Skylar [00:00:24]: We're all learning today.
Daniela Santisteban [00:00:26]: Yeah. Let me see if this works. Can you see my screen?
Skylar [00:00:31]: Perfect.
Daniela Santisteban [00:00:33]: Here we go. Okay, well, let me just get started. Thank you so much for mentioning my name. I'm Daniela. I'm just going to get right into it. Since this is a lightning talk. I'll be talking to you today about, as mentioned, partnering cross functionally, in this case, with non data product managers. And I believe that this partnership can help improve the value and optics of data engineering and make that more visible to the entire organization.

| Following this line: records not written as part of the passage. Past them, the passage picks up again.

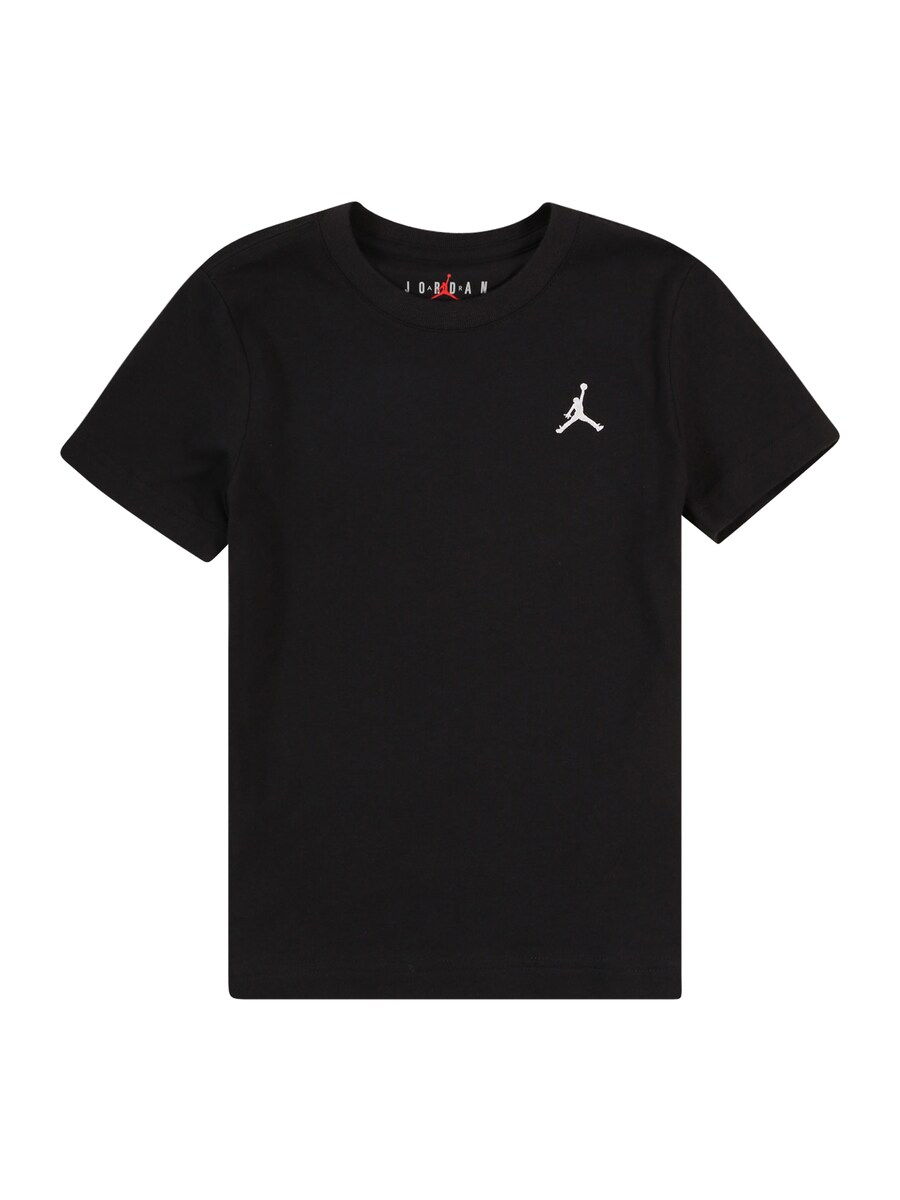 

Рубашка Jordan AIR, черный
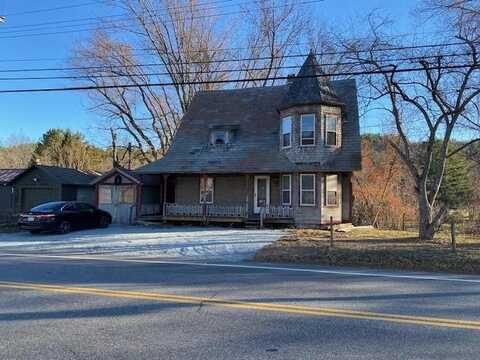 1149 Western Avenue, Brattleboro, VT 05301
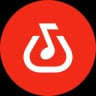 BandLab logo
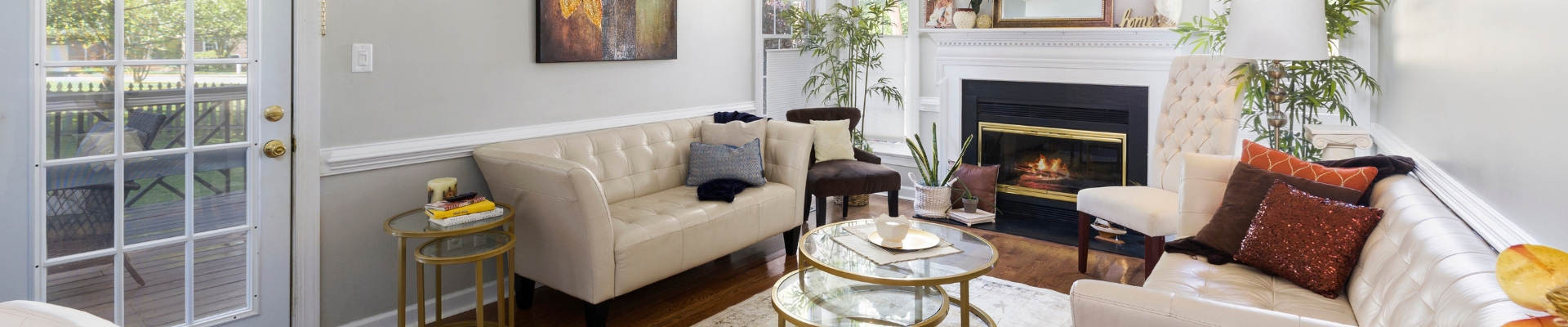 panini ingrosso arredo casa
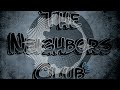 The Neighbors Club - Table Scraps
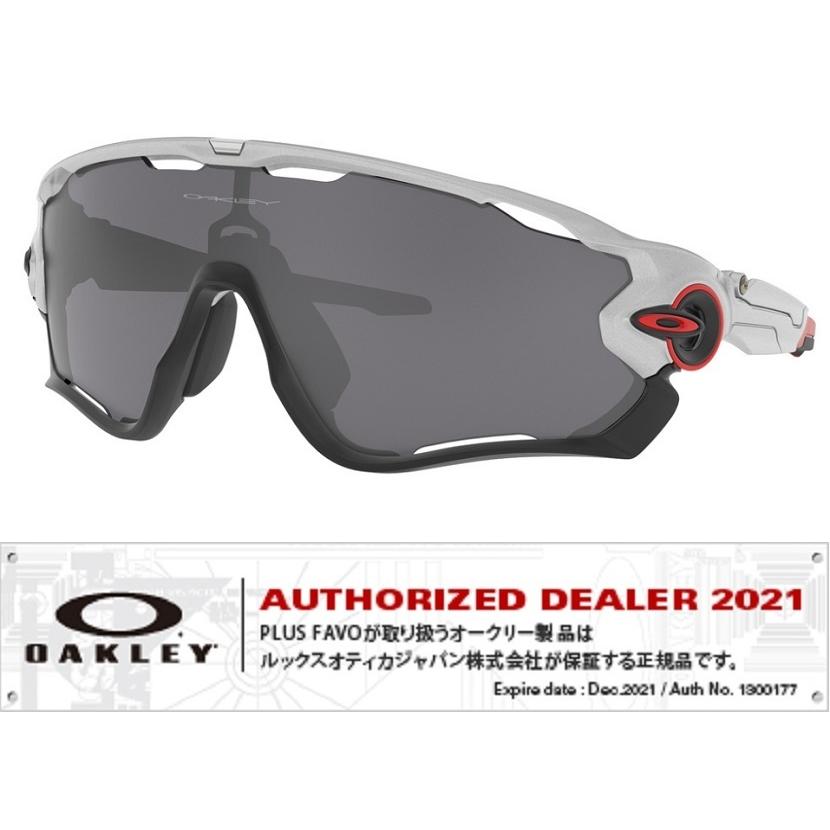 国内正規 Jawbreaker 別注品 Oakley 保証書 Jawbreaker Asiafit ｏｃｅ オークリー Oakley ジョウブレイカー カスタム 保証書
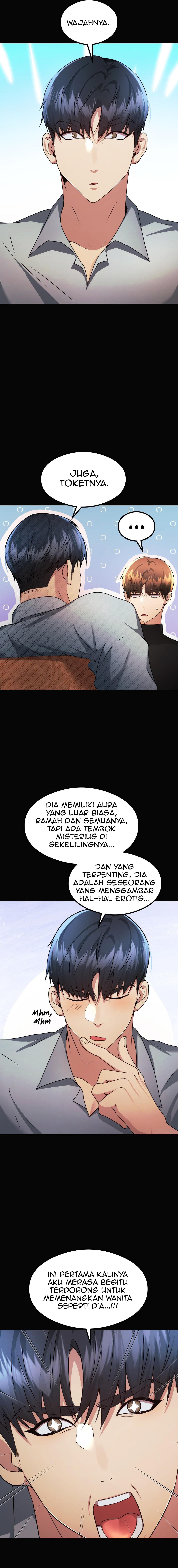 Open Talk: Chapter chapter-24 - Page 3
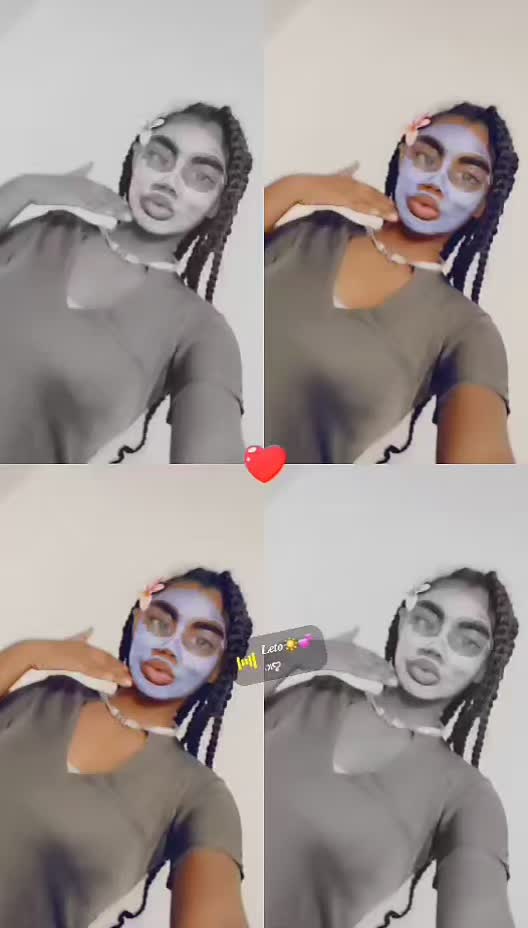@batazindienne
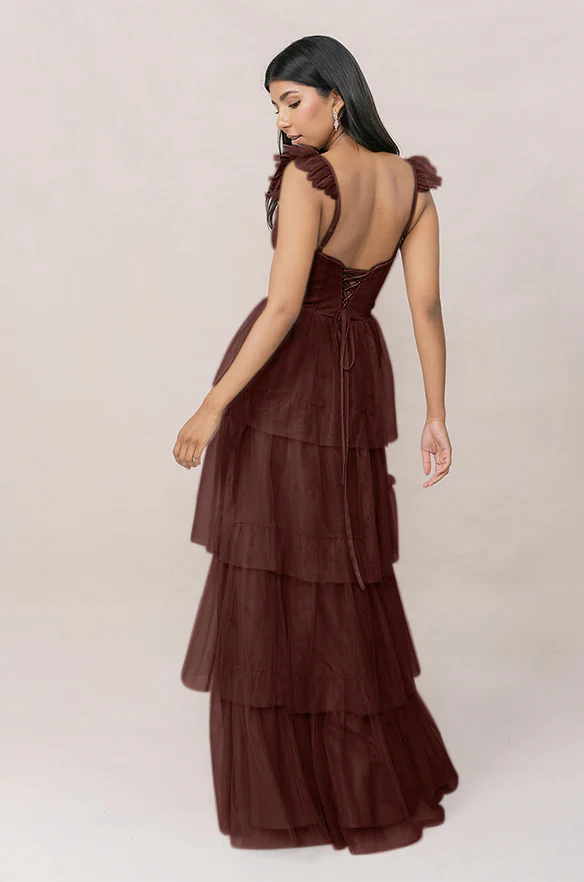 Product image 89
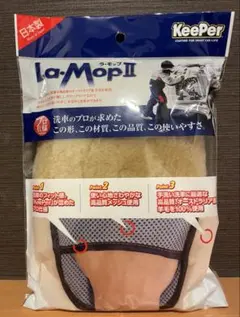 Item thumbnail for item 757e2a6b-faec-4ed9-bacd-6f366ae91657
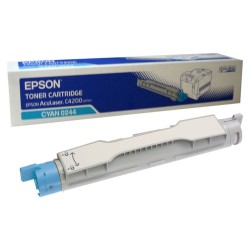 EPSON AC4200C ORIGINAL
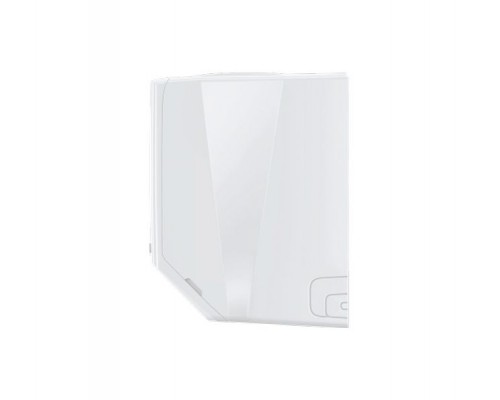 Кондиционер (Сплит-система) Energolux Lugano Full DC inverter SAS12DL1-AI/SAU12DL1-AI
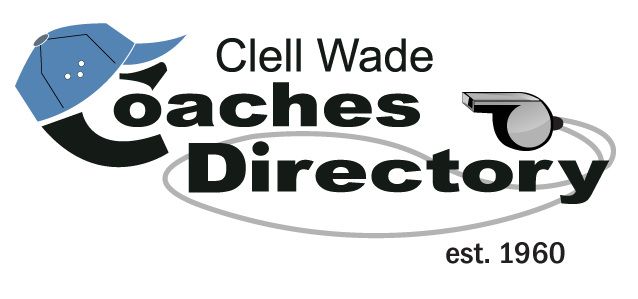 Clell Wade Coaches Directory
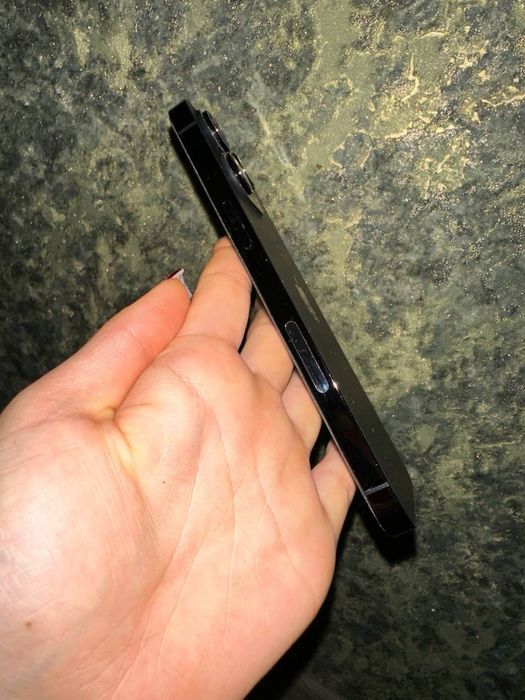 iPhone 14 про макс 128гб. 75%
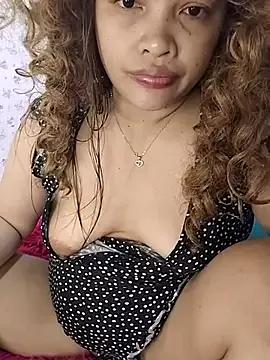 QUEEN_Sexlover_AsianPH from StripChat is Freechat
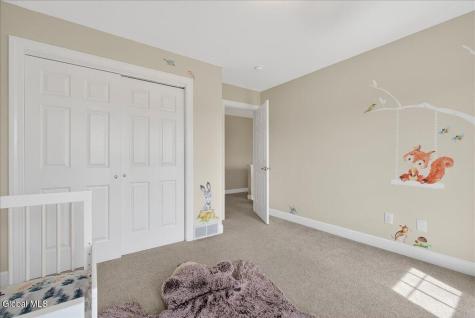 7 Rolling Hills Drive Mechanicville NY 12118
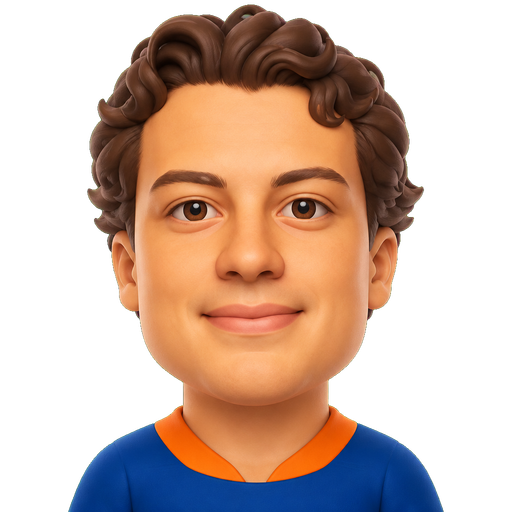 Ryan Healey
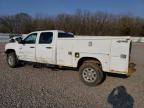 2013 Chevrolet Silverado K2500 Heavy Duty Lt for Sale in Avon, MN - Front End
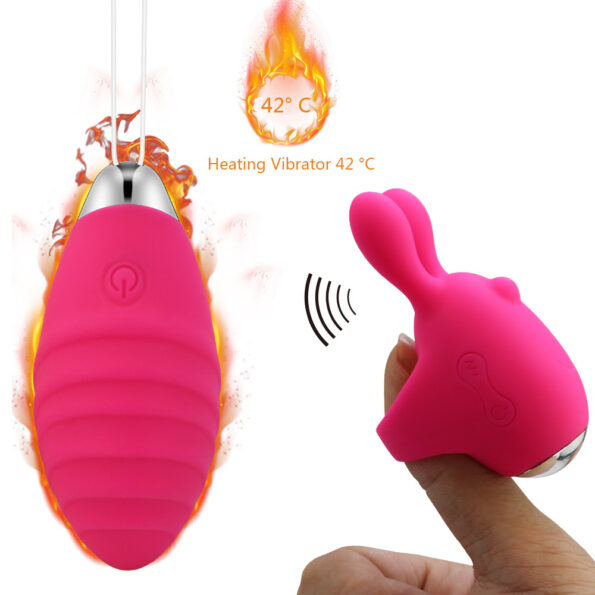 copy_of_Svakom_Luxury_Wireless_Remote_Egg_Vibrator__1548678207967_4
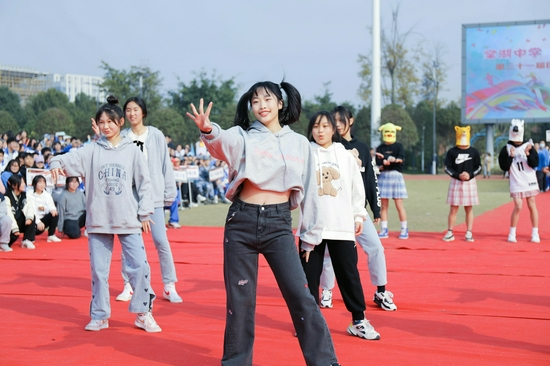 创新与大胆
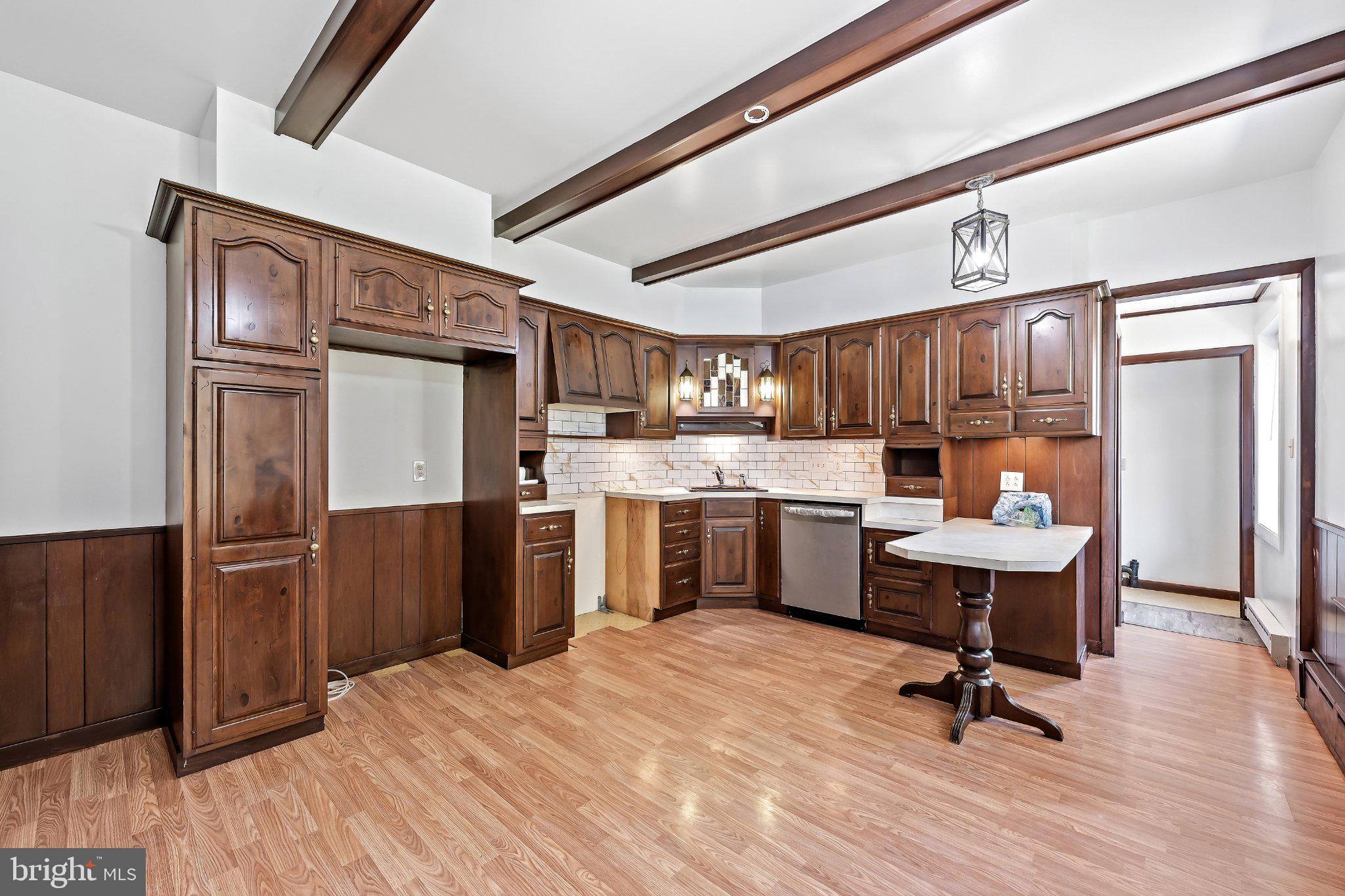 KUTZTOWN - Residential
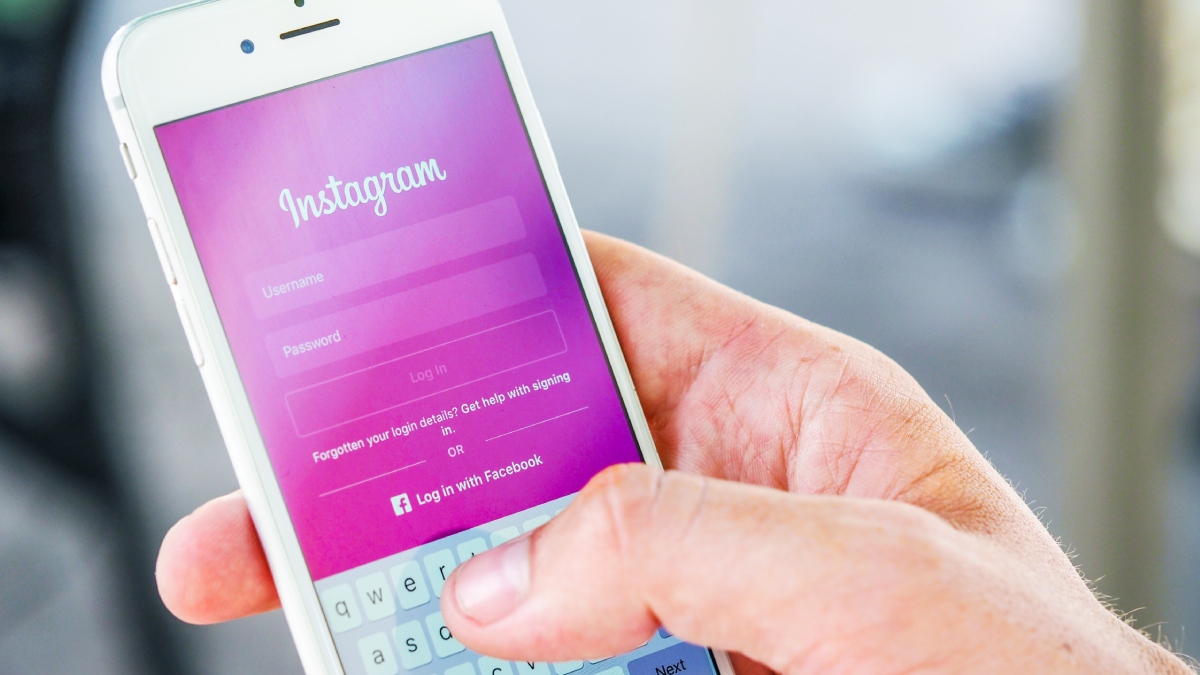 Instagram’a Giremiyorum Hatası ve Çözüm Yolları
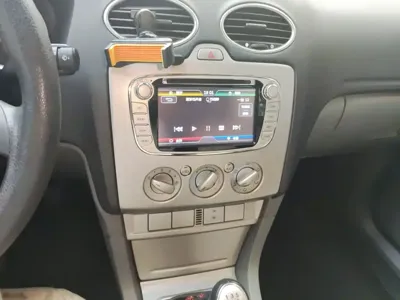 Ford Focus 2016, 79600 км, за 2799.51 USD - фото 6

Daniela Santisteban [00:01:02]: So, a tiny bit about me my name is Daniela. I've been in tech for about ten years, seven of those I was a rank and file data analyst, and in more recent years, I have switched onto the product side, the dark side, and I have worked both with internal product management, enabling data products for internal teams, as well as external product management. So dealing with customers and delivering them data products, but always, always, always entrenched, embedded within data platform, data engineering, data analytics and other data teams. I'm New York City based, but as you can see in my picture, I'm always looking for reasons to escape onto the outdoors. But let's get started. Enough about me. I came onto this topic thinking about best data practices, and also about this kind of existential question about data engineering that's been ruminating in circles, proving the return on investment of the data engineering team. Once the lights are on and data pipelines initially are built, how do you continue to justify the headcount, the costs associated and projects to do with data engineering? And this is a question that execs just won't let go of.
Daniela Santisteban [00:02:20]: There's definitely schools of thought that say that this question shouldn't even be asked of data engineering teams, that it's an essential part of keeping the running. But there's a couple ways that you can kind of change the perspective, and one of them that is huge is being able to attach your data engineering talents to high value initiatives. And you're all here at this conference, likely because you're thinking about this already being the house of ML. Training data to create pipelines for ML models is definitely one way to get attention and recognition for being kind of this sticky part of the organization that is really entrenched in essential. My argument here is that while this is great, one flaw here is that we're not touching the end product that much. So there's an opportunity to also start to create partnerships to measure the success of these high value initiatives. And I'm going to focus on product today. But that can also be marketing initiatives or anything else, and it can be ML related, but it doesn't have to be.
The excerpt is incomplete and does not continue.